USS S-36 (SS-141) Runs Aground
Originally built in 1918, USS S-36 was, at the time of her construction, on the cutting edge of technology. Armed with four torpedo tubes and a 4-inch gun, S-36 was, along with her sisters of the same "S" class, the workhorses of the American submarine force in the 1920s and 1930s.
A number of "S" class boats were assigned to the Asiatic Fleet, which operated out of American bases in the Western Pacific, including Qingdao, China (then known as Tsingtao) and Manila, Philippines.
When hostilities broke out, S-36 was on patrol in the northern Philippines. Hampered by repeated equipment failures, S-36 ended her patrol on December 18th. After repairs, she was ordered to make a final patrol of Philippine waters, then retire to the East Indies, where Allied forces were gathering after the loss of the Cavite Naval Yard in Manila.
On January 1st, S-36 located a small Japanese transport tied up to the seawall in the port of Calapan, Philippines. She fired a single torpedo at her stationary target and claimed a sinking. However, postwar records could not confirm this.

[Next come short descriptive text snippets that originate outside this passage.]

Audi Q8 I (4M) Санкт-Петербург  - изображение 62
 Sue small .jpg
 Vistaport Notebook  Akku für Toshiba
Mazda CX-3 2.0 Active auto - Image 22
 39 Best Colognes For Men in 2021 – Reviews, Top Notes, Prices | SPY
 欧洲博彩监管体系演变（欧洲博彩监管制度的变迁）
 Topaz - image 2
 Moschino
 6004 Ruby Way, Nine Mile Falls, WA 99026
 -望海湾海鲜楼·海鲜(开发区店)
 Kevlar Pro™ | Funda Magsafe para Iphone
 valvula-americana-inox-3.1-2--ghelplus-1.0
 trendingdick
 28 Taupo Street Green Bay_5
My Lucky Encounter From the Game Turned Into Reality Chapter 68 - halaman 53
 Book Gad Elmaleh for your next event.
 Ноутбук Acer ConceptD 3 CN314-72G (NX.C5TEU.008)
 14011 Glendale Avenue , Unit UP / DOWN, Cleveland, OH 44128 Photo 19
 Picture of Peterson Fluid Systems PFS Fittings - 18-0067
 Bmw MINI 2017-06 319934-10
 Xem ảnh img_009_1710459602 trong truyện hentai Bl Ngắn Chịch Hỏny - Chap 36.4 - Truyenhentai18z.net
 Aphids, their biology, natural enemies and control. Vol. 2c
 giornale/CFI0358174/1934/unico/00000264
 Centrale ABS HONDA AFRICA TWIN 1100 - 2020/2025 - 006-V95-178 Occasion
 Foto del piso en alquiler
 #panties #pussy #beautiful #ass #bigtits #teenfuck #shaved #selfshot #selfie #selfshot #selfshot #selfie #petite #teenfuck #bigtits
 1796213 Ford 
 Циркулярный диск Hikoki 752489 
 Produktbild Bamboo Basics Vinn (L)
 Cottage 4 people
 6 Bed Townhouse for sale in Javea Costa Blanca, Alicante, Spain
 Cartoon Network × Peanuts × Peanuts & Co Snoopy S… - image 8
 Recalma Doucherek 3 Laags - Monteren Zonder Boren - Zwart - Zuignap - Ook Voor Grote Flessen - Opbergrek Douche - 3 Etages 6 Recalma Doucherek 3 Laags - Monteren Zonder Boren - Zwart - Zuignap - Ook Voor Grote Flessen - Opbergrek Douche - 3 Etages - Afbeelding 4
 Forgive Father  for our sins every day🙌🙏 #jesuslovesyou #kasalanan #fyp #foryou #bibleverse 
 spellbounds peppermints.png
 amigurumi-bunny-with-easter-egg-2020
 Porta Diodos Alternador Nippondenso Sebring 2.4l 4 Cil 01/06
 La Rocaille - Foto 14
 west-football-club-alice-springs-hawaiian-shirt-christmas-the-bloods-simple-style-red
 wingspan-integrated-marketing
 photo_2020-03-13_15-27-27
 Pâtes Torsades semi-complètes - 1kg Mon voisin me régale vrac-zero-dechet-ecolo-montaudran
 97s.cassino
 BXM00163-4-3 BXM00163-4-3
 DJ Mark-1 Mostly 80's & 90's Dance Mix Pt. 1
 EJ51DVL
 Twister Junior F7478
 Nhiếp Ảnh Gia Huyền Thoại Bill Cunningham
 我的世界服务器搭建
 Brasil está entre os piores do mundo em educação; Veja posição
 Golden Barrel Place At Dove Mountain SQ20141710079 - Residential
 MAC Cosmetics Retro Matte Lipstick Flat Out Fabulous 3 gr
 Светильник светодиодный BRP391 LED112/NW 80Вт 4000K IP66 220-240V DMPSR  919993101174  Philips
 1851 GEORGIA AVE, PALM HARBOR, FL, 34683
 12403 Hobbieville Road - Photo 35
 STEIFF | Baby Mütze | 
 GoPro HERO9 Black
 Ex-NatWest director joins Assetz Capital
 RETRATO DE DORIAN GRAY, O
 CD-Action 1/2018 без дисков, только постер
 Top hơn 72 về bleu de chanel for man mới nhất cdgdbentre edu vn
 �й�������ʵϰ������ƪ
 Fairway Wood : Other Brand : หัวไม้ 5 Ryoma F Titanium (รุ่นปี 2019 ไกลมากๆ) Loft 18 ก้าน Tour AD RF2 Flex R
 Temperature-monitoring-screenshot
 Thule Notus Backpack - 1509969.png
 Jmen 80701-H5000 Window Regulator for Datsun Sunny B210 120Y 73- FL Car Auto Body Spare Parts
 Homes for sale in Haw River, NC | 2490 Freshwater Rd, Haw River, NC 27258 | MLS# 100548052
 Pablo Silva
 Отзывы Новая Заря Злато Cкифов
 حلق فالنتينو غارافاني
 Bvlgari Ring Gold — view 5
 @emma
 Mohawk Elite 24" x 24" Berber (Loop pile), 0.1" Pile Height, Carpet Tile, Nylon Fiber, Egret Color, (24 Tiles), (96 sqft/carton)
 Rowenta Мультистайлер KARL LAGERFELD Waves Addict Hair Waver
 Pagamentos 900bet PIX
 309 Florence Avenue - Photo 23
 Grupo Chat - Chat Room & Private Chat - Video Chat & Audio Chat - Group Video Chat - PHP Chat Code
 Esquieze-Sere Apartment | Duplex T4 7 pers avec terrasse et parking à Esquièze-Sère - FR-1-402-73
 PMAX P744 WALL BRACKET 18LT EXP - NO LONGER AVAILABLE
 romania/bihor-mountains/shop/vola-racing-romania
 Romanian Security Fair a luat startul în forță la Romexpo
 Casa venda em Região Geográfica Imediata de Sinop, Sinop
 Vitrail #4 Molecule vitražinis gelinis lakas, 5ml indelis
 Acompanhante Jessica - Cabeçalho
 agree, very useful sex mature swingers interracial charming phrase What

At the end of her patrol, S-36 was ordered to Surabaya, Indonesia. During the trip, S-36 ran hard aground on a reef in Makassar Strait. Despite damage control efforts, the decision was made to abandon the submarine. Dutch forces evacuated the entire crew, who were reassigned to other submarines and continued to fight.
After all classified material was removed or destroyed, S-36 was left for the sea to claim.
S-36 was awarded one battle star for her WWII service.